Through the CDK plugin interface for policy validation, the CfnGuardValidator plugin integrates CloudFormation Guard rules into the AWS CDK and validates generated CloudFormation templates automatically during its synthesis step. For more details, see the plugin documentation and Accelerating development with AWS CDK plugin – CfnGuardValidator.

CloudFormation Guard alone can’t necessarily prevent the provisioning of noncompliant resources. This is because CloudFormation Guard can’t detect when templates or other documents change after validation. Therefore, I recommend that you combine CloudFormation Guard with a more authoritative mechanism.

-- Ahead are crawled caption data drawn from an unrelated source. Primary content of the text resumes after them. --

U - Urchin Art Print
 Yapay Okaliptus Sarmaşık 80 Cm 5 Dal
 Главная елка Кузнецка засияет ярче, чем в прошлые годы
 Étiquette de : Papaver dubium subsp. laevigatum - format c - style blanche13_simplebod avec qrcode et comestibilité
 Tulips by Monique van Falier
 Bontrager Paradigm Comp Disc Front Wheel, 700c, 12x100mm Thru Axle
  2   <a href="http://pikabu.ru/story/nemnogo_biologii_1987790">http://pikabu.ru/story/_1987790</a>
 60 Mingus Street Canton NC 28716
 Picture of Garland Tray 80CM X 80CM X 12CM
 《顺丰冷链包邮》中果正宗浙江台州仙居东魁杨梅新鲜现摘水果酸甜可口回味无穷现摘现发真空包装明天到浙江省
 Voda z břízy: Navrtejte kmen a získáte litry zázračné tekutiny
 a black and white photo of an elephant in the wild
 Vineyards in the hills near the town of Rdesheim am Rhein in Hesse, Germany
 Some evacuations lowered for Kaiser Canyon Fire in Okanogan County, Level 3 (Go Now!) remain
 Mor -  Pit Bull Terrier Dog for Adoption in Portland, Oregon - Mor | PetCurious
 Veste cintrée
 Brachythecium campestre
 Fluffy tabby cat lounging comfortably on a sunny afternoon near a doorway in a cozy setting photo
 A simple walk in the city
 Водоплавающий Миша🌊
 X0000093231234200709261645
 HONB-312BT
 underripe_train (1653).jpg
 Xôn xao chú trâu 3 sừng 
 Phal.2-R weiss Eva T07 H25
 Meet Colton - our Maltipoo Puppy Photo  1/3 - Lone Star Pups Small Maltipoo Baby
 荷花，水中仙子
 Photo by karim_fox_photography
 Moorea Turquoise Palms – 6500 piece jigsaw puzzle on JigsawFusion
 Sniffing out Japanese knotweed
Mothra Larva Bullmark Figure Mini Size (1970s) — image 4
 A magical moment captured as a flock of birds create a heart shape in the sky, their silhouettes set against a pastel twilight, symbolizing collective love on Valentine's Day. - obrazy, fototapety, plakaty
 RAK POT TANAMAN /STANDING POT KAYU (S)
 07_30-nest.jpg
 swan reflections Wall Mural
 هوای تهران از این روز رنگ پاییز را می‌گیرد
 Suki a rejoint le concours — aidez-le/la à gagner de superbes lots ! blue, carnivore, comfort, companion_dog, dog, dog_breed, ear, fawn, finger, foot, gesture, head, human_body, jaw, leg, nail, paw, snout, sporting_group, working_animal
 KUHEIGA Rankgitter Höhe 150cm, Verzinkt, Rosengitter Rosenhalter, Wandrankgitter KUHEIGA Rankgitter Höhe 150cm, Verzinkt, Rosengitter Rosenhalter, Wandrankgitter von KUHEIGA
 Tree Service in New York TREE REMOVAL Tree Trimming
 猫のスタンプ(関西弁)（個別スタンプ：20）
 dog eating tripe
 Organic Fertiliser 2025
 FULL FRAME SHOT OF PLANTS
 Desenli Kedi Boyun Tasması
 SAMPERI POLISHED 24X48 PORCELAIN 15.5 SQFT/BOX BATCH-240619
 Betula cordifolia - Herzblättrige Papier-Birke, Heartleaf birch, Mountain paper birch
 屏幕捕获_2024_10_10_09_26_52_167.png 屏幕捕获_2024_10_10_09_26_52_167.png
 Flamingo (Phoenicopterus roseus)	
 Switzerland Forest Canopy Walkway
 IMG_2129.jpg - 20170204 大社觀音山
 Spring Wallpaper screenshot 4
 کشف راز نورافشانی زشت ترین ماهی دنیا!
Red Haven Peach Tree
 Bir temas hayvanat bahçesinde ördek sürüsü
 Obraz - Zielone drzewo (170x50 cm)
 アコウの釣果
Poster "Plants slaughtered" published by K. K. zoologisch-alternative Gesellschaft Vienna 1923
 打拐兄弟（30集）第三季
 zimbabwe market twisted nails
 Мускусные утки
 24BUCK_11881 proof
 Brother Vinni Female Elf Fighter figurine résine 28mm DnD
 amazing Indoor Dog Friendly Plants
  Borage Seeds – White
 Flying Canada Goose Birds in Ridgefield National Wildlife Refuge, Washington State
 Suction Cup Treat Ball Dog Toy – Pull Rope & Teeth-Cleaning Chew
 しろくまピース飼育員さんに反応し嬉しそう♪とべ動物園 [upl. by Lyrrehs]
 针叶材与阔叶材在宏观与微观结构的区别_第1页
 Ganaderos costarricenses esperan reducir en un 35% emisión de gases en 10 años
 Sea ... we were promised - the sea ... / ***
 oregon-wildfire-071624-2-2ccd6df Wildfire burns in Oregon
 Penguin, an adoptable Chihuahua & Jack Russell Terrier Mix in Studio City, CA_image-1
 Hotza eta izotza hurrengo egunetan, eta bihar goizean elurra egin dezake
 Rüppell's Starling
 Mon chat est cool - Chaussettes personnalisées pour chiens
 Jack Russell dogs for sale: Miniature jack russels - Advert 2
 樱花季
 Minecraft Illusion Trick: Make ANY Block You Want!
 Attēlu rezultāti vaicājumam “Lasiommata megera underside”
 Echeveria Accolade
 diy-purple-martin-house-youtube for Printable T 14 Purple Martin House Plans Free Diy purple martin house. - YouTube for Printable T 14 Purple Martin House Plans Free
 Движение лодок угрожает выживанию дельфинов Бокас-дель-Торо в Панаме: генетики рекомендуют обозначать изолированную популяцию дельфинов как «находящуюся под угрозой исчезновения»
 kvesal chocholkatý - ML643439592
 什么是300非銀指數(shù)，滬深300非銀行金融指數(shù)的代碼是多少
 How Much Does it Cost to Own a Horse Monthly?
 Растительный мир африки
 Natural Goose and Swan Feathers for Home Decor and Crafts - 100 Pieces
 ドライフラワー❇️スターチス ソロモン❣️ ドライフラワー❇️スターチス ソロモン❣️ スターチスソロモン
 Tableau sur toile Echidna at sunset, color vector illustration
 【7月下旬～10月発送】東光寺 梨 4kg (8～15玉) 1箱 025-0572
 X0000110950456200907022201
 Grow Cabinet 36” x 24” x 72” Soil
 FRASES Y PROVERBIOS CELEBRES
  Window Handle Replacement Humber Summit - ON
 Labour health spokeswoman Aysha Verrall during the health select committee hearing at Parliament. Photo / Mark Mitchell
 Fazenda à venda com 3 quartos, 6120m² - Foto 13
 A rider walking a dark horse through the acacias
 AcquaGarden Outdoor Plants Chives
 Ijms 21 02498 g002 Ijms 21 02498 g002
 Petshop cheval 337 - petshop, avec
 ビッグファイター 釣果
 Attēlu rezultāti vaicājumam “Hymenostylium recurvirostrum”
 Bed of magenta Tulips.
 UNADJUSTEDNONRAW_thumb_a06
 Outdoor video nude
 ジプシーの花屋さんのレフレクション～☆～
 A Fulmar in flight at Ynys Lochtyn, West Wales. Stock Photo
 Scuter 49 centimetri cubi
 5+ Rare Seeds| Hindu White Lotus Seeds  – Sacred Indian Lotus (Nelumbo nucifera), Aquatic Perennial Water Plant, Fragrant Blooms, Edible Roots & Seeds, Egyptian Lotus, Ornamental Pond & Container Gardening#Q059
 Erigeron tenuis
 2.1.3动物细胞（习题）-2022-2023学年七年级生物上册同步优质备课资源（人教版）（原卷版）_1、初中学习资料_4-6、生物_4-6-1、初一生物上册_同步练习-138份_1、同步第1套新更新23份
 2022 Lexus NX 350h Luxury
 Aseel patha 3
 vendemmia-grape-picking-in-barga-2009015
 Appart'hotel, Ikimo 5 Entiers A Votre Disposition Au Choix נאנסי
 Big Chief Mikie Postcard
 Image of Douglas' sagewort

One such mechanism is CloudFormation hooks, which you can use to validate AWS resources before you deploy them. You can configure hooks to cancel the deployment process with an alert if CloudFormation templates aren’t compliant, or just initiate an alert but complete the process. To learn more about CloudFormation hooks, see the following blog posts:

CloudFormation hooks provide a way to authoritatively enforce rules for resources deployed through CloudFormation. However, they don’t control resource creation that occurs outside of CloudFormation, such as through the console, CLI, SDK, or API. Terraform is one example that provisions resources directly through the AWS API rather than through CloudFormation templates. Because of this, I recommend that you implement additional detective controls by using AWS Config. AWS Config can continuously check resource configurations after deployment, regardless of the provisioning method. Using AWS Config rules complements the preventative capabilities of CloudFormation hooks.

Preventative controls

Preventative controls can help maintain compliance by applying guardrails that disallow policy-violating actions. AWS Control Tower integrates with AWS Organizations to implement preventative controls with SCPs. By using SCPs, you can restrict IAM permissions granted in a given organization or organizational unit (OU). One example of this is the selective activation of certain AWS Regions to meet data residency requirements.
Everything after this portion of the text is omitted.